The writers do, however, acknowledge the increasing revitalised interest in international law, and the current roles for international lawyers. In his chapter on sources of international law for example, Greig writes that citation of legal writers, "is a necessary part of the work of the advocate to an international tribunal or of the official in preparing legal advice for his or her government". For students dreading clerking at corporate law firms, it should be firstly encouraging to be able to infer from such comments that there are jobs for international lawyers, and secondly, inspiring to read the brief biographical notes for the authors that further illustrate the roles for international lawyers in both academia and practice.

Subtitled "An Australian Perspective", this text does focus on the Australian experience, drawing on Australian implementation of international obligations, and the interpretation by Australian courts of the principles of international law. In their chapter on refugees, Peter Nygh and Sam Blay closely analyse various judgments of the High Court of Australia.[6] Nevertheless, if the media coverage in New Zealand of Australia's interpretation and practice of international law is anything to go by, there is a general interest here in Australia's approach. Aside from its comparative value, the book would still be a helpful starting point for New Zealand students of international law. The writers tease out the major principles of international law – referring where appropriate to important cases involving New Zealand, such as the Rainbow Warrior Arbitration. The emphasis on the Australian context varies according to subject. The chapter on state responsibility for example, focuses on the Articles of state responsibility codified by the International Law Commission, of equal importance to New Zealand as Australia.

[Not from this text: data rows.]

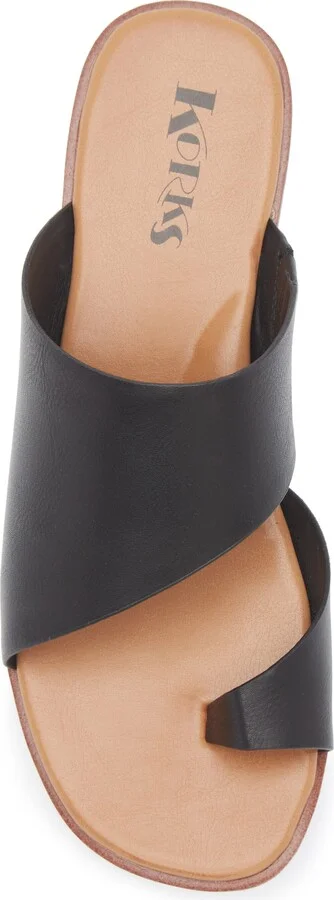 Sareen Toe Loop Sandal - Image 5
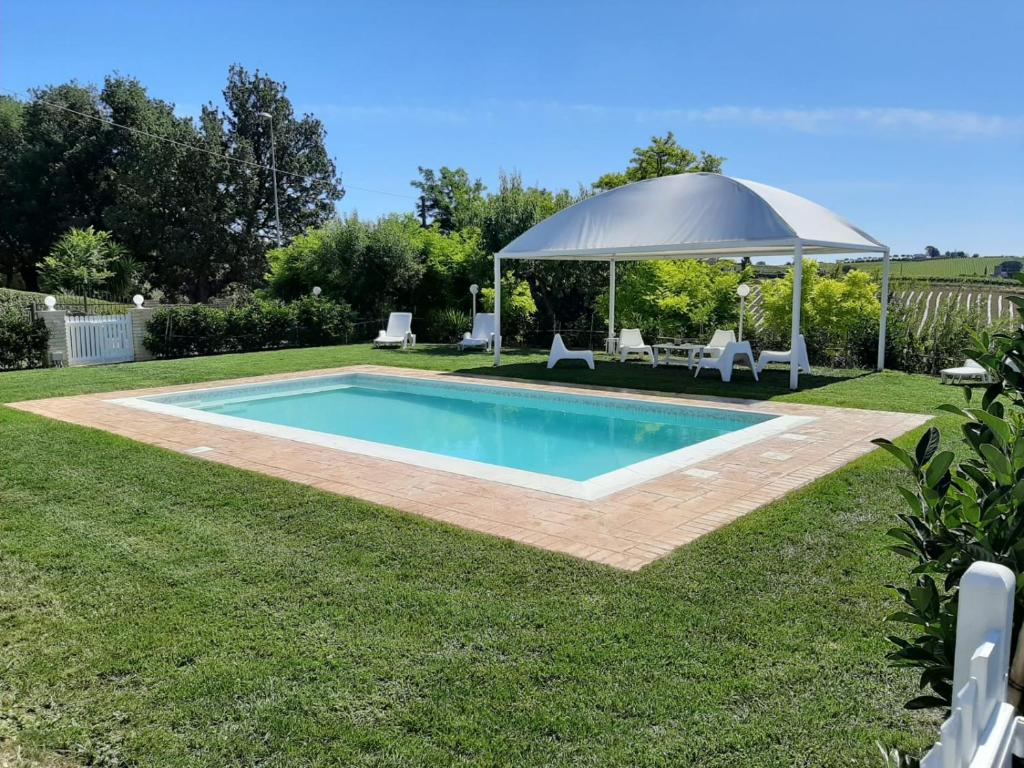 Cottage with pool,views photo 4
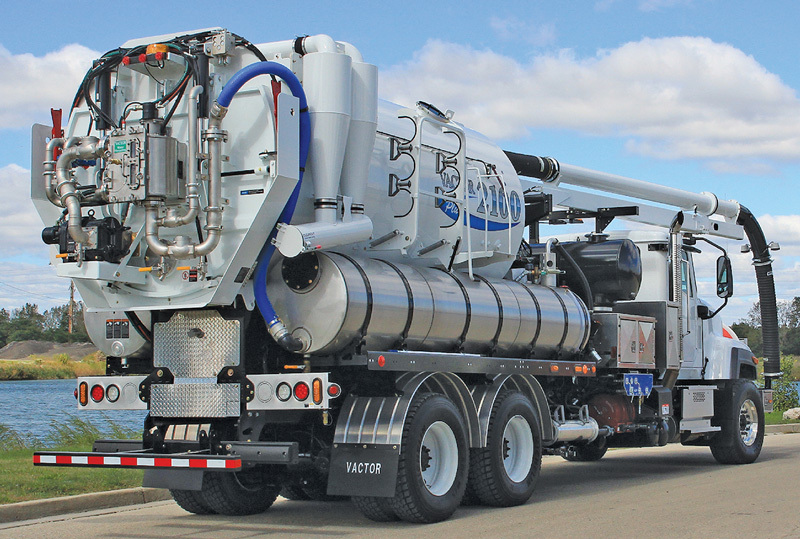 Vactor 2100 Plus with water recycling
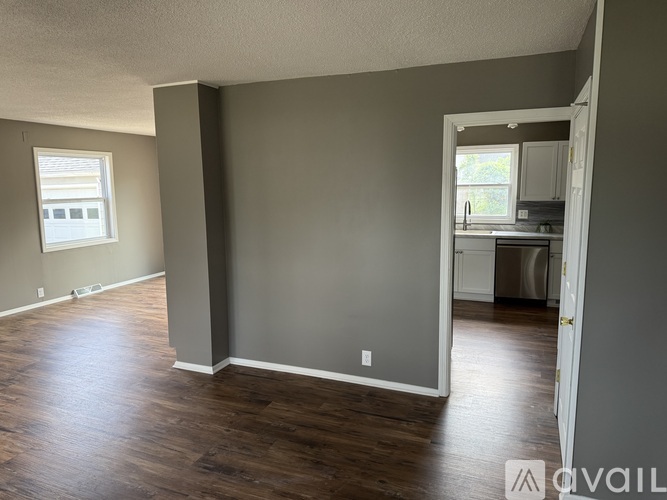 1287 29th St NE 4 Beds Single Family Home for Rent - Photo gallery 4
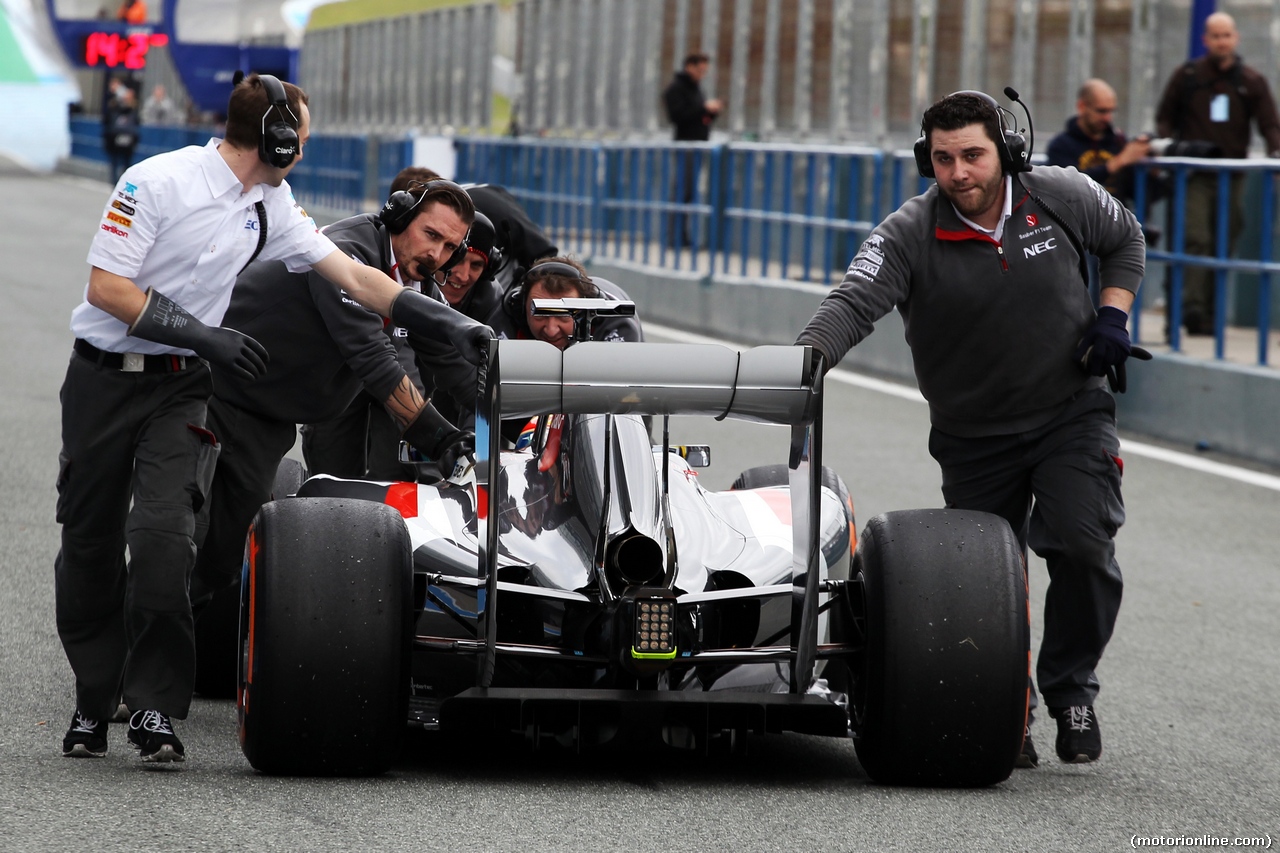 TEST F1 JEREZ 28 GENNAIO, Esteban Gutierrez (MEX) Sauber C33 is pushed back down the pit lane.
28.01.2014. Formula One Testing, Day One, Jerez, Spain.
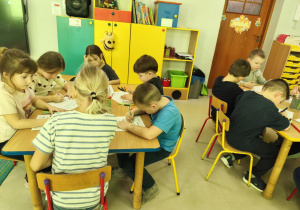 Wspólnie, przy stołach wykonujemy kartę pracy, dzięki której utrwaliliśmy psie potrzeby.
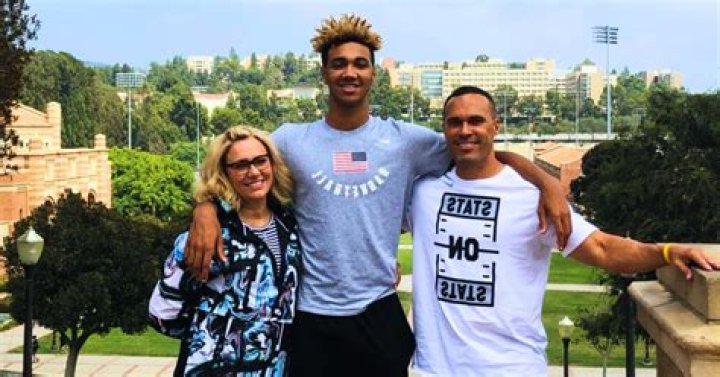 Discover The Background: RJ Davis's Parents Unveiled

Given the broad interest in international law and actions taken in its name – and given the misreporting and indeed misuse of legal arguments in modern political discourse and public commentary – I would recommend this textbook not only to law students, but also to students of international relations, politics, aid and development, and human rights and to journalists, commentators and perhaps even the odd politician. Now, if only the next edition could include more references to the New Zealand experience and become an Australasian Perspective on International Law.

[*] Second Secretary, Australian High Commission.

[1] Timothy McCormack "The Use of Force" in Sam Blay, Ryszard Piotrowicz and Martin Tsamenyi (eds) Public International Law: An Australian Perspective (2 ed, Oxford University Press, Melbourne, 2005) 229.

[2] Donald W Grieg "Sources of International Law" in Blay, Ryszard and Piotrowicz, above n 1, 76.

[3] Ivan Shearer "Jurisdiction" in Blay, Ryszard and Piotrowicz, above n 1, 180.

[4] Blay, Ryszard and Piotrowicz, above n 1, xxxii.

[5] Peter Nygh and Sam Blay "Refugees" in Blay, Ryszard and Piotrowicz, above n 1, 287.

[6] Peter Nygh and Sam Blay "Refugees" in Blay, Ryszard and Piotrowicz, above n 1, 295.